Flowtriq deploys a lightweight agent on each Proxmox node that monitors bridge-level traffic across all VMs without requiring any configuration inside the VMs themselves. The agent identifies which destination IP is under attack, enabling surgical mitigation that takes a specific IP offline for scrubbing rather than null-routing the entire node. Because it runs on the hypervisor, one agent covers every VM and container on that node.
Why Detection Must Be on the Hypervisor, Not Inside VMs
You might consider running detection agents inside each VM instead. This approach has serious limitations. A VM under a volumetric DDoS attack may become unresponsive, so its detection agent cannot report the attack. The VM's view is limited to its own traffic; it cannot see whether the attack is spilling over and affecting other VMs on the same node. Running agents in every VM also means managing dozens or hundreds of agent installations instead of one per node.
Hypervisor-level detection sees everything. It sees the overall PPS hitting the physical NIC, the bandwidth distribution across bridges, the per-VM traffic breakdown, and the Corosync and Ceph traffic health. It can correlate a spike in traffic to vmbr0 with degraded Corosync timing on vmbr1, identifying a DDoS that is beginning to affect cluster stability before the cluster actually fails.
# Deploy the agent on each Proxmox node pip install ftagent ftagent init --server-id proxmox-node-01 --api-key your-key # The agent auto-detects bridge interfaces ftagent status # Output shows monitoring on vmbr0, vmbr1, etc. # Verify per-VM traffic visibility ftagent stats --per-destination # Shows traffic breakdown by destination IP (each VM)
Protecting Proxmox Clusters: A Layered Approach
For a multi-node Proxmox cluster, protection needs to work at every level of the architecture:
- Network isolation: Separate public VM traffic from private cluster traffic using dedicated VLANs and bridges. Corosync and Ceph should never share a network path with customer traffic.
- Per-node detection: Each Proxmox node runs a monitoring agent that tracks all traffic on all bridges. Detection must be per-second to catch floods before Corosync timeouts trigger fencing.
- Per-IP mitigation signaling: When an attack targets a specific VM IP, mitigation should null-route or scrub only that IP, not the entire node. This requires detection that identifies the target IP and mitigation infrastructure that supports per-IP actions.
- Upstream scrubbing capability: Volumetric attacks must be absorbed upstream. No amount of hypervisor-level hardening will help if the physical port is saturated.
- Fencing awareness: Your monitoring should track Corosync health and alert if heartbeat latency increases, which is an early warning sign that network congestion from an attack is approaching the fencing threshold.

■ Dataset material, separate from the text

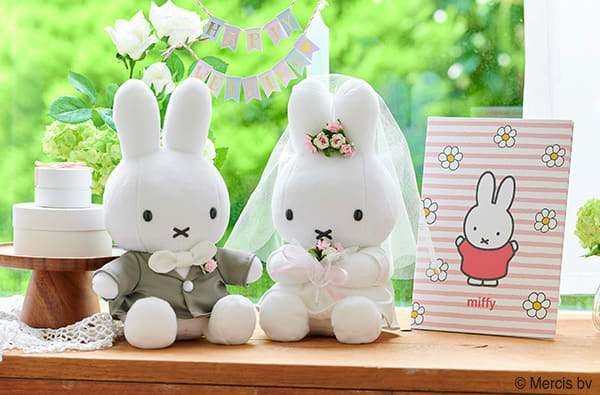 ミッフィー ウェディングぬいぐるみ＋ミッフィー電報 ミッフィーのお花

The most common mistake with Proxmox DDoS protection is treating it like bare-metal protection. It is not. The shared-infrastructure nature of a hypervisor means that every VM is a potential entry point for an attack that affects all other VMs. Detection must be at the hypervisor level, mitigation must be per-IP, and cluster communication must be isolated from public traffic. Miss any of these three requirements and a single flood can take down your entire Proxmox infrastructure.